What has happened Beate? Why do you think that the fight against racism in the UK is to be laughed off as a rather self-indulgent and eccentric little foolishness?
And since when was the fight against one form of racism counterposed to the fight against another? You seem to oppose all racism except for antisemitism.
This is about building a labour movement and a liberal and left discourse that is not disabled by antisemitism. You seem to imply that a bit of antisemitism just oils the wheels for the moment and helps us along. Like the fight against capitalism being helped along by the focus on Jewish capital?
posted on October 18, 2005 at 08:35:12 PM
I sincerely believe that these days a Jew who is against such things as cruelty against The Other - to which belong both occupation and racism - has the duty to in the first place fight against such tendencies among his own.
Only after that can one do the fight against antisemitism from a strong moral position.
This wasn't so obvious in the past when we Jews in no way were related to power. But "nobless oblige." I know that Engage considers itself also against the occupation, but it's pathos and energy seem to be mostly absorbed by the heroic fight against every hint of left-wing antisemitism.
David Hirsh posted on October 18, 2005 at 09:59:31 PM
I don't accept that political responsibility is determined by social identity. Engage is not a Jewish organisation - or an Israeli organisation - it is an anti-racist organisation.
Of course Engage is about opposing racism that comes from Jews as much as racism that comes from anyone else. We have always been clear about this and we have always been clear about our opposition to Israel's occupation of Palestine. You don't believe it. You imply that I am lying when I say that I oppose the occupation. And your evidence for this is that Engage does not focus its energy on opposing the occupation.
Well Engage is a campaign that is set up to challenge racism against Jews. Why doesn't Gush Shalom spend any energy opposing the Chinese occupation of Tibet? Is it because you only pretend to be interested in the freedom of people who live in Tibet? No, that's not the reason. It just happens not to be what you choose to do. This is fine. But don't tell the people who are fighting against Chinese imperialism that their fight is insignificant. And I won't tell you that you are careless about the fate of Tibet. Are the Chinese "The Other"? Who knows?
You are not saying that the occupation is more important than antisemitism. You are saying that our fight against antisemitism harms your fight against the occupation. I think this is wrong.
I think that the fact that the occupation is often opposed in an antisemitic way is a huge problem for Palestine. And I think that what we are doing is not at all against the interests of a free and democratic Palestine.
Beate I think that sometimes you (and Ilan Pappe too) share an Israeli habit of thinking of Israel as being at the centre of the world.
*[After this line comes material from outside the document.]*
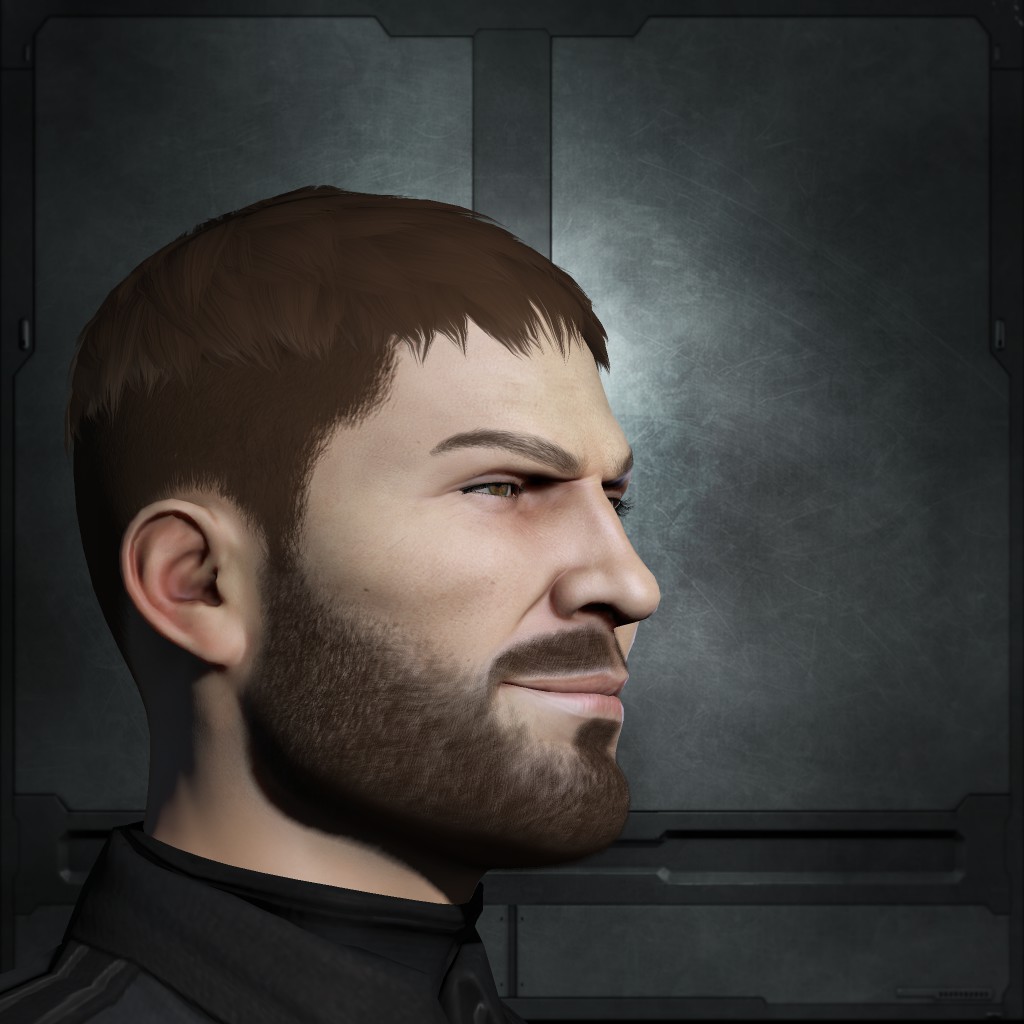 Max Random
It isn't. And I am not part of your diaspora. I am somebody in the UK who is involved in challenging anti-Jewish racism in the UK. And in my union. And on my campus.
In a way you are right. I do start by fighting against racism "among my own". And I am not an Israeli. I am fighting against racism in my union and in my classroom and in left and liberal discourse in London. I reject the idea that "as a Jew" I am responsible for Sharon or for the occupation.
Linda Grant posted on October 18, 2005 at 10:32:29 PM
I am engaged in a struggle to prevent a cultural boycott being imposed on Israel, one which seek to ban writers like David Grossman, Sayed Kashua and Etgar Keret being published in Britain, speaking at literary festivals here, writing for our newspapers.
Do you think that silencing the voices of opponents of the occupation on the grounds that they are Israeli citizens is something that should not be impeded, by people who care about the Other?